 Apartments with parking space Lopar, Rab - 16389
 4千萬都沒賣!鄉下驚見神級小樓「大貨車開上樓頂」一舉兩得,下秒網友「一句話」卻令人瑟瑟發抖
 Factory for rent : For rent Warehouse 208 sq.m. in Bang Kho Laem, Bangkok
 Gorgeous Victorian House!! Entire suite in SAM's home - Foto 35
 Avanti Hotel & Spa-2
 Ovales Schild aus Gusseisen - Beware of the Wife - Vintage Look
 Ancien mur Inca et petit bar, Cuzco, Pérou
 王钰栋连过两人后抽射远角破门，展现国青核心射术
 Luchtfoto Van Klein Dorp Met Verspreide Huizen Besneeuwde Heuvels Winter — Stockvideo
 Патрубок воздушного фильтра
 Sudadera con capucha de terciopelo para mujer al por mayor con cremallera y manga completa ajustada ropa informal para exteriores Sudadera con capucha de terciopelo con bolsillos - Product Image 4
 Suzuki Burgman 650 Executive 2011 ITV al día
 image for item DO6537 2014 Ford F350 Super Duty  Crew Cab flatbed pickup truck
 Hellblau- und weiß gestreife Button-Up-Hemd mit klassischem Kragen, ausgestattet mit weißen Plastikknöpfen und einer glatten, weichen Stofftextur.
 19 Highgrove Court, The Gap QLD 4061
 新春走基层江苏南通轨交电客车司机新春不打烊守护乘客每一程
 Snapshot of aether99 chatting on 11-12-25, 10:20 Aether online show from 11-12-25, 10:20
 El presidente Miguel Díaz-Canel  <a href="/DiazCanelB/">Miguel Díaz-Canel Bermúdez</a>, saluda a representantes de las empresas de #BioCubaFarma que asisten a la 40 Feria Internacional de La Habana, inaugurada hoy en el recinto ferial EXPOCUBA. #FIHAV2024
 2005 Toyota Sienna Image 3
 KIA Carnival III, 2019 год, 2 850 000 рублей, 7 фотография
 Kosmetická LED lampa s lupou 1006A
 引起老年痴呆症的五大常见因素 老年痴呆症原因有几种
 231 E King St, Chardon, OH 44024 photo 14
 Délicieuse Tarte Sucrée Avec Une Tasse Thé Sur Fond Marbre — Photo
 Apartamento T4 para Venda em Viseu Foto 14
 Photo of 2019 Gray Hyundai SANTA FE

□ □ □

● What is required
Show all lines from the data that contain "para".

● Result for this task
 Sudadera con capucha de terciopelo para mujer al por mayor con cremallera y manga completa ajustada ropa informal para exteriores Sudadera con capucha de terciopelo con bolsillos - Product Image 4
 Apartamento T4 para Venda em Viseu Foto 14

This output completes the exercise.